With the adoption of complex technologies such as multiple injections, EGR and variable geometry turbocharging, it has become increasingly onerous to develop optimal engine control calibrations for either light- or heavy-duty diesel engines. The addition of NOx and PM aftertreatment systems increases further the calibration burden, as both diesel particulate filters and NOx absorbers require regeneration initiated by the engine management system. There is significant interest in the industry in reducing development costs by moving as much of the engine calibration process as is feasible from the engine test cell to the virtual desktop environment.
This paper describes the development of a model-based calibration optimization system that offers significant advantages in reducing the time and effort required to obtain certification-quality engine calibrations. Unlike design of experiments (DoE)-based systems, which are typically used to reduce the size of the experimental matrix required to optimally map an engine under steady-state operating conditions, this system utilizes high-fidelity dynamic or transient engine modeling. The data required to develop the engine model is obtained by operating the engine through a set of transient dynamometer tests while the engine calibration is perturbed in real-time by a reconfigurable rapid prototyping control system. The fully predictive engine model produced in this fashion utilizes a combination of equation-based and neural network data-driven methods.
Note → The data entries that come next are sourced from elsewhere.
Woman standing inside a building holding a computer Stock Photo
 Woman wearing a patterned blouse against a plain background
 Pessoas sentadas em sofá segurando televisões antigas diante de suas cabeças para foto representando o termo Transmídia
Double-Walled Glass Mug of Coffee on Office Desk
The dynamic engine model is then used in an off-line calibration environment to produce optimal engine calibrations that meet emissions standards on transient test and regulatory cycles, while minimizing fuel consumption and meeting engine operating constraints. Finally, the optimized engine calibration map set is verified in the test cell.
The application of this methodology to a 2004-specification multi-parameter diesel engine is presented, along with emissions, performance and fuel consumption results.